*** Supplied data Section Begins ***

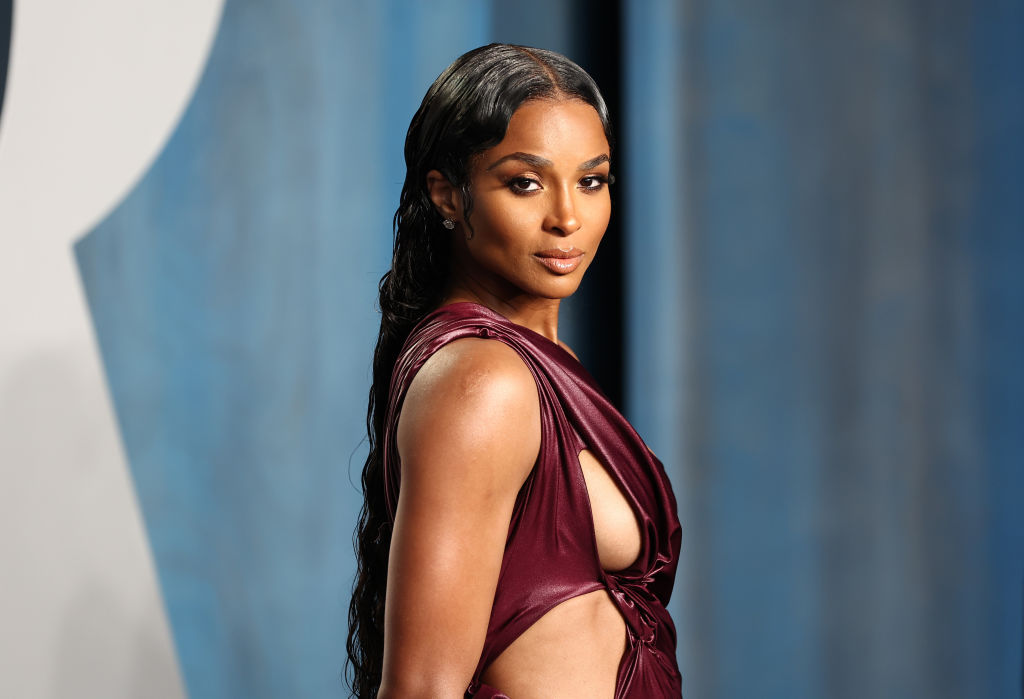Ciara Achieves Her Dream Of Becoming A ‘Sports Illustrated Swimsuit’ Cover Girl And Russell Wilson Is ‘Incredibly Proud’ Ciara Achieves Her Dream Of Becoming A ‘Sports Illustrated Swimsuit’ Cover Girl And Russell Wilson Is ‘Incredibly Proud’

*** Supplied data Section Ends ***
*** Supplied data Section Begins ***

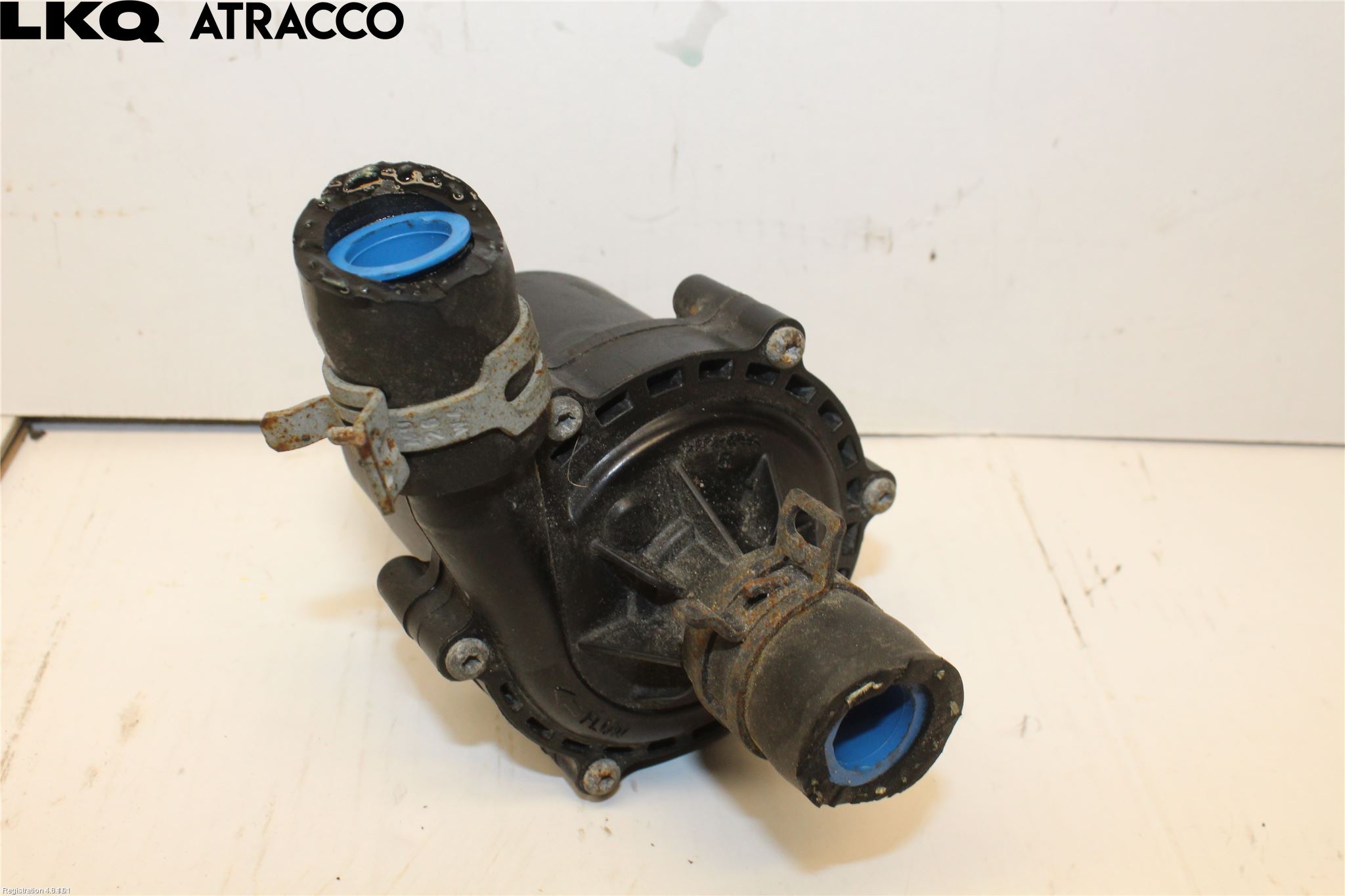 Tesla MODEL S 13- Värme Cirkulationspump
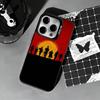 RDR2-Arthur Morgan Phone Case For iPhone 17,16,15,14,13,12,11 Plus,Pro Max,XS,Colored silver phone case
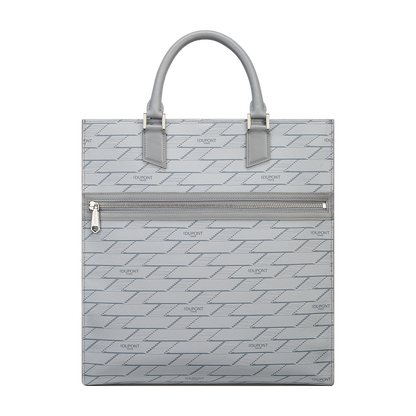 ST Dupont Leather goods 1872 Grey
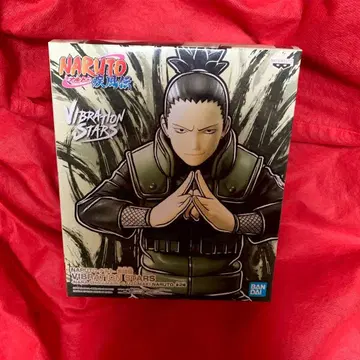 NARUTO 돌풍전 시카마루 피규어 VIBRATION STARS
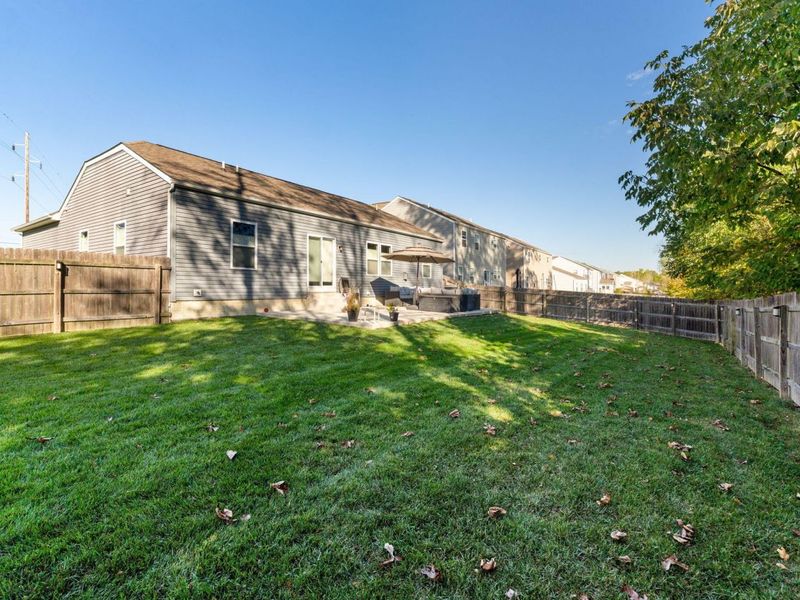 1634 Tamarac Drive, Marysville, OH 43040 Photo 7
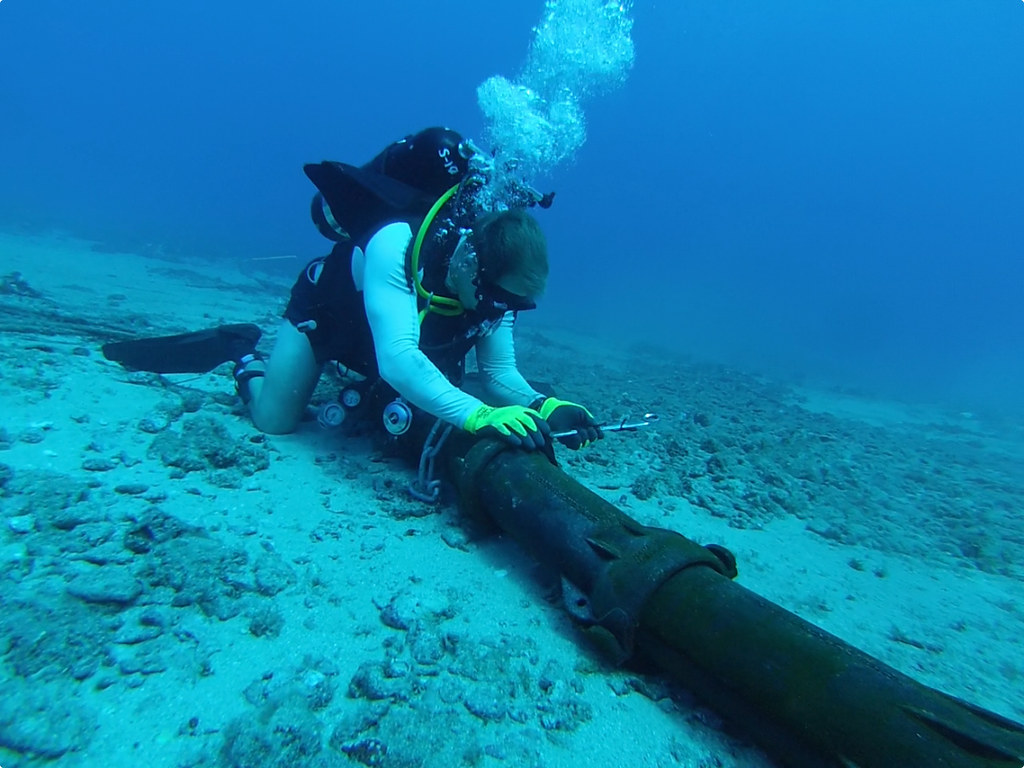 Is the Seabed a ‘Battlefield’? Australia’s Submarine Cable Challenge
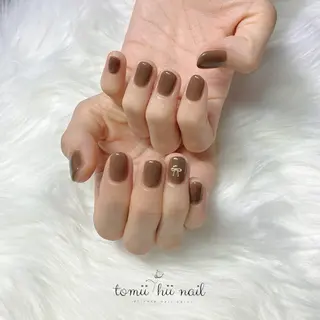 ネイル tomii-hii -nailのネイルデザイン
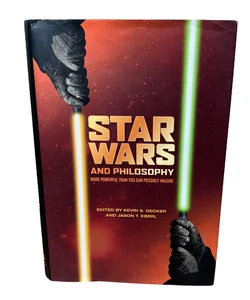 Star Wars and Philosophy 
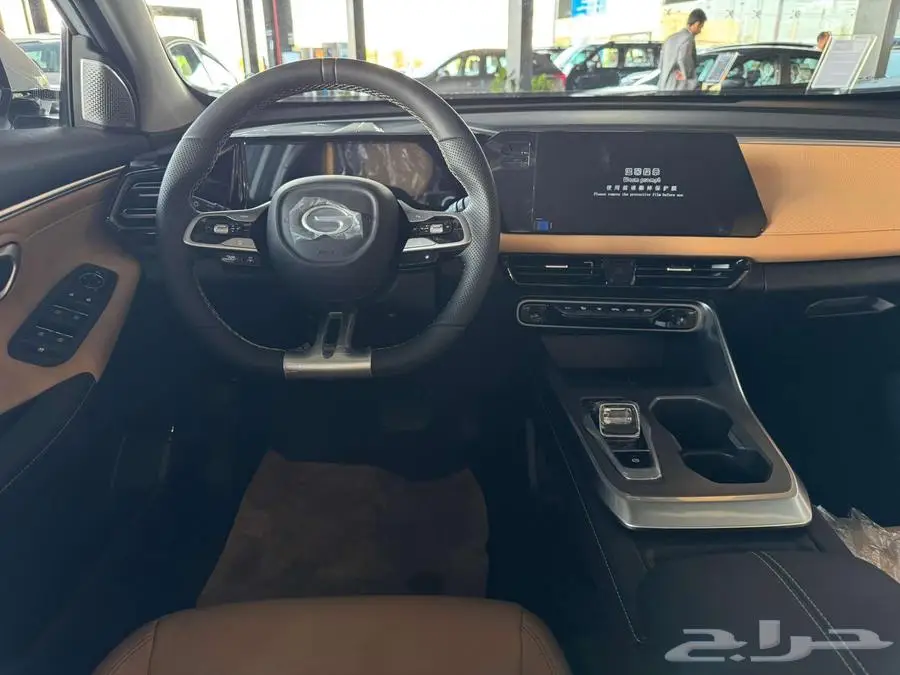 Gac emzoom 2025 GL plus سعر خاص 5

*** Supplied data Section Ends ***

### Task prompt
Using the records above, print exactly the lines between the ones containing "NARUTO 돌풍전 시카마루 피규어 VIBRATION STARS" and "Gac emzoom 2025 GL plus سعر خاص 5", inclusive, and nothing else; no pictures.

### Response below
 NARUTO 돌풍전 시카마루 피규어 VIBRATION STARS
 1634 Tamarac Drive, Marysville, OH 43040 Photo 7
 Is the Seabed a ‘Battlefield’? Australia’s Submarine Cable Challenge
 ネイル tomii-hii -nailのネイルデザイン
 Star Wars and Philosophy 
 Gac emzoom 2025 GL plus سعر خاص 5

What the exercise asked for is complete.